Поздним вечером, когда окончательно остановилась и без того полусонная архивная жизнь, когда, готовясь к ночи, из всех коридоров, ниш и приделов бывшего монастыря, подобно теплому туману, выползала тишина и когда каждый шаг, даже самый осторожный, вламывался выстрелом, Захар Савельевич Мирошук отправился домой. К жене Марии, что весь вечер названивала и кричала, что ей надо идти к больной сестре, что у соседей сверху прорвалась вода и, возможно, потечет к ним; чтоб, проходя по Речному, не забыл в гастрономе купить майонез.
Мирошук не прикасался бы к телефону, но каждый раз ему казалось, что звонит Гальперин, а оказывался голос, знакомый Мирошуку уже более четверти века.
Гальперин так и не позвонил, хотя Мирошук просил его об этом, сказал, что будет ждать. Самому же позвонить Гальперину рука не поднималась.
Миновав узкую горловину перехода, Мирошук вступил в помещение, где несколько часов назад закончилось собрание. Остановился у дощатого возвышения и привалился плечом к фанерной перегородке.
Хаотично сдвинутые стулья с прямыми спинками напоминали возбужденных людей, сидящих в зале, а откинутые сиденья — подобие разинутых в крике ртов… Все это миражом рисовалось перед глазами Захара Савельевича, отзываясь в душе тоскливой, неясной виной…
Он взобрался на возвышение, сел на свое, некогда председательское место. Воображение хранило недавнюю баталию, и в то же время пустой зал своей покорностью словно удовлетворял тщеславие Мирошука. Было бы так в жизни, вздохнул про себя директор. Нет, шумят, чего-то требуют, кроют друг друга, ярятся. Сколько дрязг приходилось разбирать на бывшей работе, в коммунальном хозяйстве! Думал — в архиве его ждет спокойная жизнь, все в прошлом, нечего делить. Ан нет! Оказывается, не тише, чем в коммунхозе. И даже словами теми же бросаются, а ведь, казалось, люди образованные!
Мирошук еще раз вздохнул, припомнил, как однажды от ревизионной комиссии исполкома ему довелось присутствовать на собрании работников культуры. У многих выступающих к тому же были профессионально поставленные голоса… Неделю после этого Мирошук в себя не мог прийти… Разные люди, а когда сцепятся — словно одной краской всех окрашивает. И вправду, вышли мы все из народа, дети семьи трудовой… Видно, в гневе все это и проявляется. Или сущность людская такова?! Как-то у Гальперина на столе Мирошук увидел записную книжку. Добротную, в темно-коричневом сафьяновом переплете с вензелем. Дневник барона Врангеля, того самого, голубых кровей. Стал читать, в глазах зарябило от некоторых страниц. Очень прогневала барона собственная супруга, разбила какой-то фамильный бокал. Ох и выдал ей барон в дневнике, куда там участники сегодняшнего собрания! Не выбирал слов его превосходительство…

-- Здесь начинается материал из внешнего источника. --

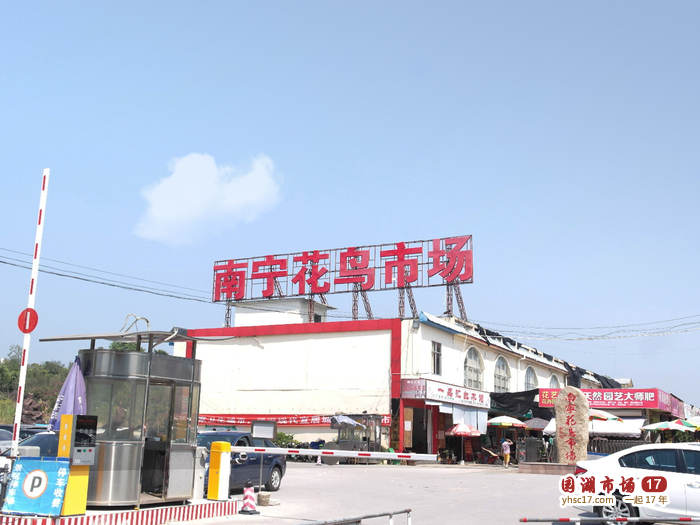 南宁花鸟市场(地点)_技点百科_技点网(地点)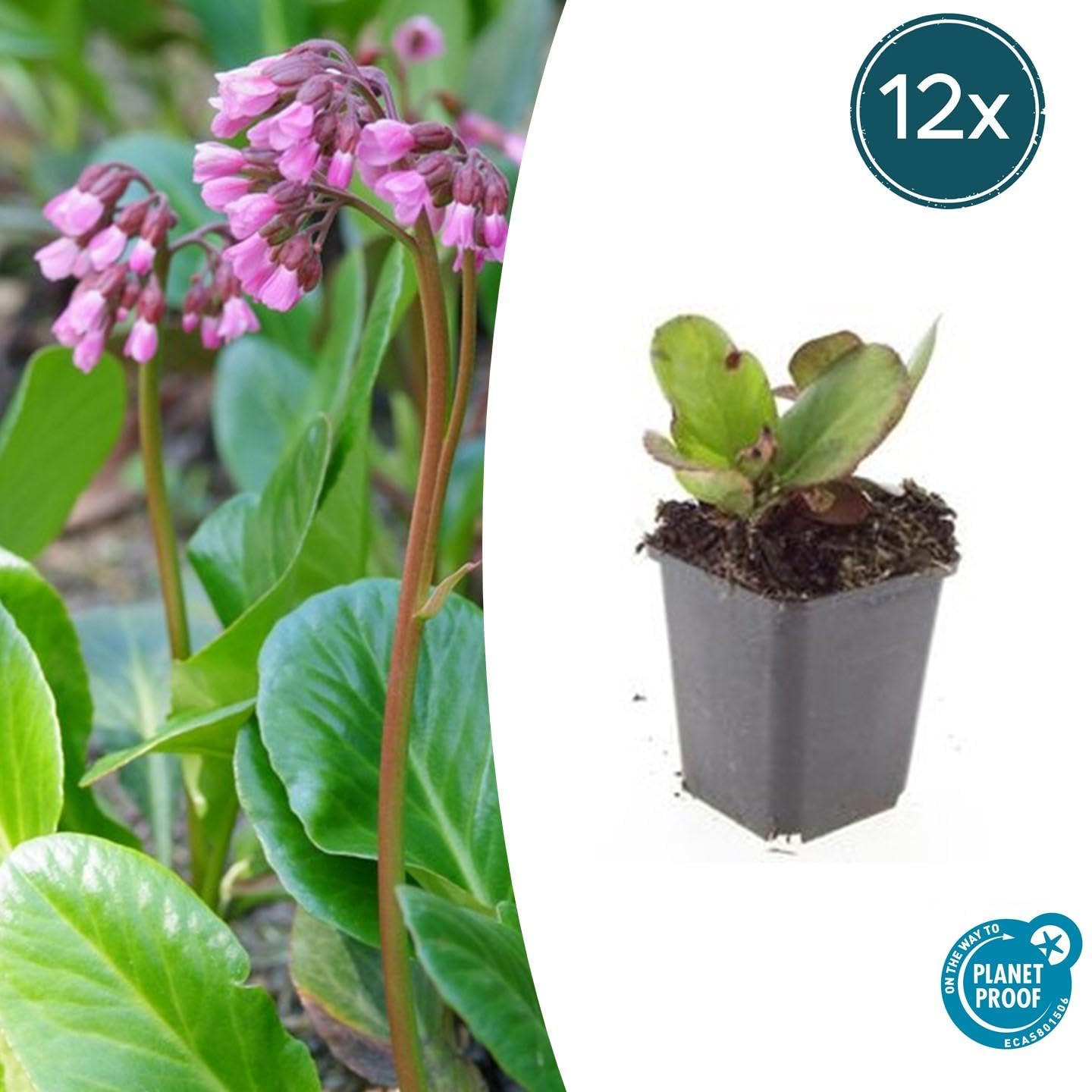 Bergenia 'Herbstblüte', Bodendecker für Garten, Rosa, 12er Set, Ø9cm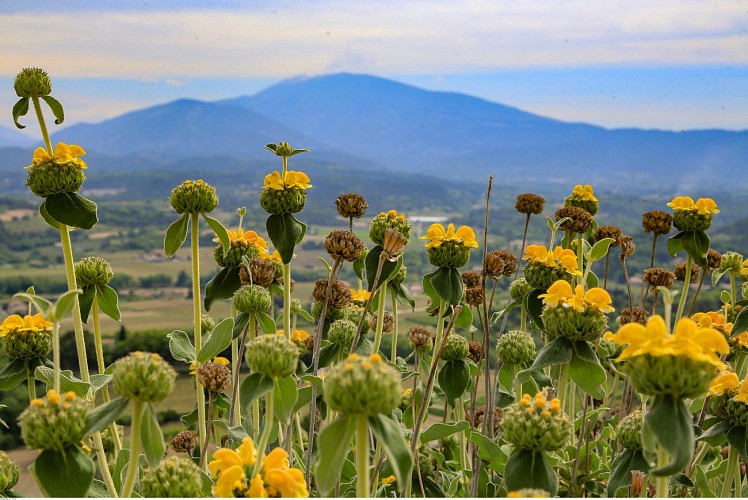 VTT n°18 - Grand Alizier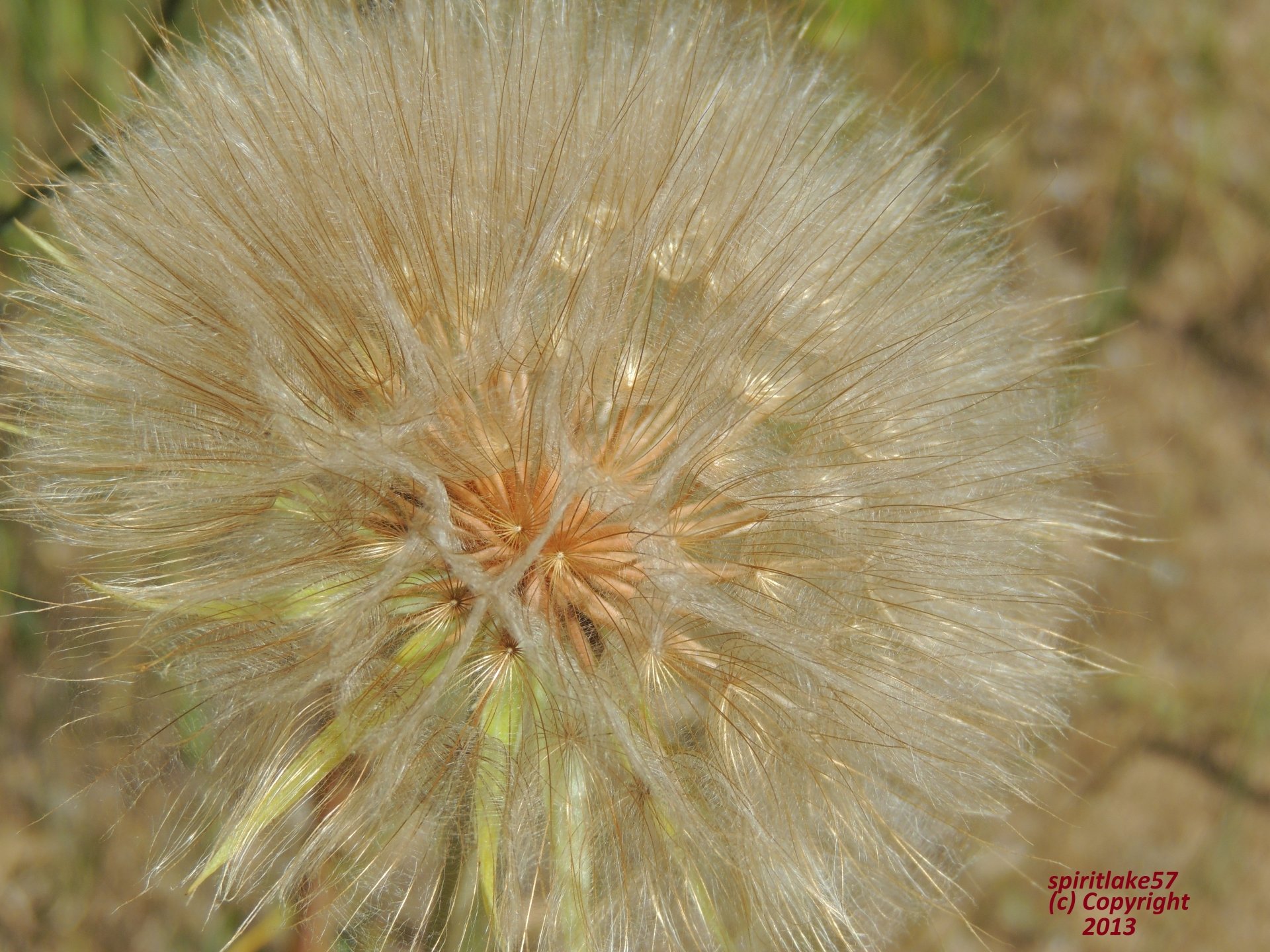 Close-up of a dandelion flower with delicate seed hairs in a natural outdoor setting.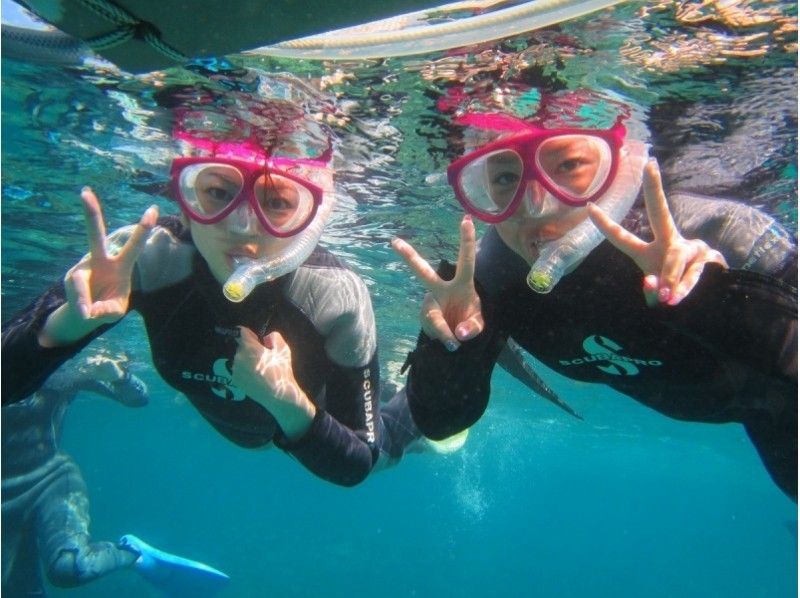 【沖縄・石垣島 シュノーケル&竹富島観光の海遊び&離島観光コース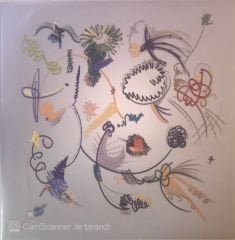 Berk İcli Glimpses of an Eternal Bloom LP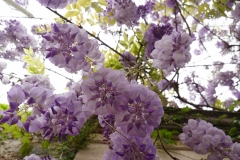 502 balkan copyright piotr nogal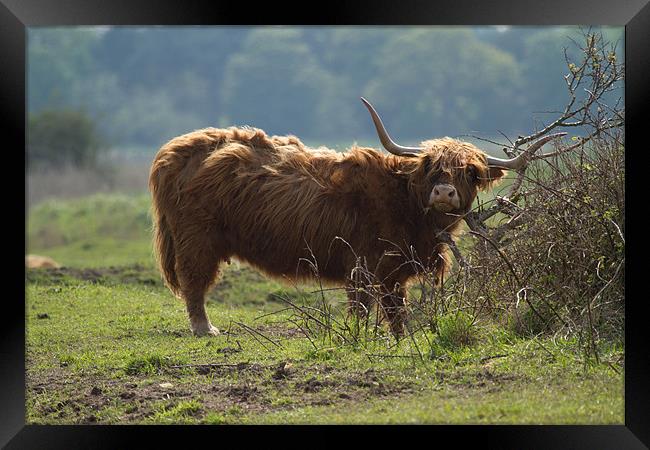 Scottish Long Horn Cattle Framed Print by Bill Simpson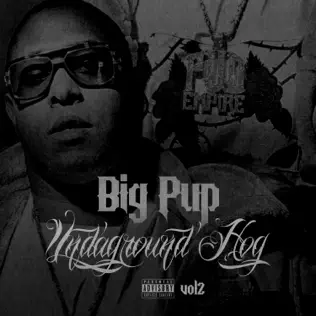 descargar álbum Big Pup - Undaground Hog Vol 2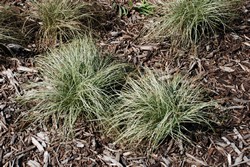 Big Bluestem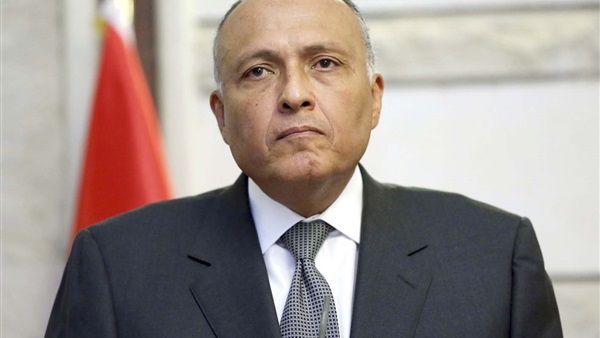 سامح شكرى وزير الخارجية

И вновь мысли Мирошука вернулись к Гальперину. Может, переломить себя, позвонить самому?
Собрание, которому, казалось, не будет конца, как-то сразу завершилось. Признаться, Мирошук толком и не понял, что произошло. Шум, крики. Толкотня в проходе. Куда-то вдруг исчез Гальперин. Порученец Шелкопрядов так и не выступил, потому как люди покидали зал, никого нельзя было задержать. Позже Мирошук узнал, что какая-то женщина съездила Брусницыну по физиономии…
Мирошук сидел в кабинете, просматривал перечень сданных в спецхран документов из архива Управления внутренних дел и ждал, что придут, расскажут, как это обычно бывает, — кто-нибудь да заглянет, словно случайно, чтобы донести до ушей директора новость. Но так никто и не зашел…
Мирошук спустился с деревянного возвышения. Подумал, что надо наконец соорудить на этом месте нормальную сцену, с занавесом, с транспарантами, с бюстом вождя в глубине. Надо, чтобы люди чувствовали строгость. А то рассаживаются, как на завалинке, вытягивают шеи, если хотят что-то разглядеть, возникает суета, отсюда — беспокойство. И вообще, он затянул с ремонтом. Стыдно признаться — свой человек в исполкоме, а не может пробить косметический ремонт! Конечно, после его ухода из системы никто его и в грош не ставит. Но ничего, Мирошук еще вернется на орбиту, не напрасно хранит до сих пор пропуск в исполкомовскую столовую…
Сегодняшнее собрание внесло в душу Мирошука смуту и давно не испытываемую печаль.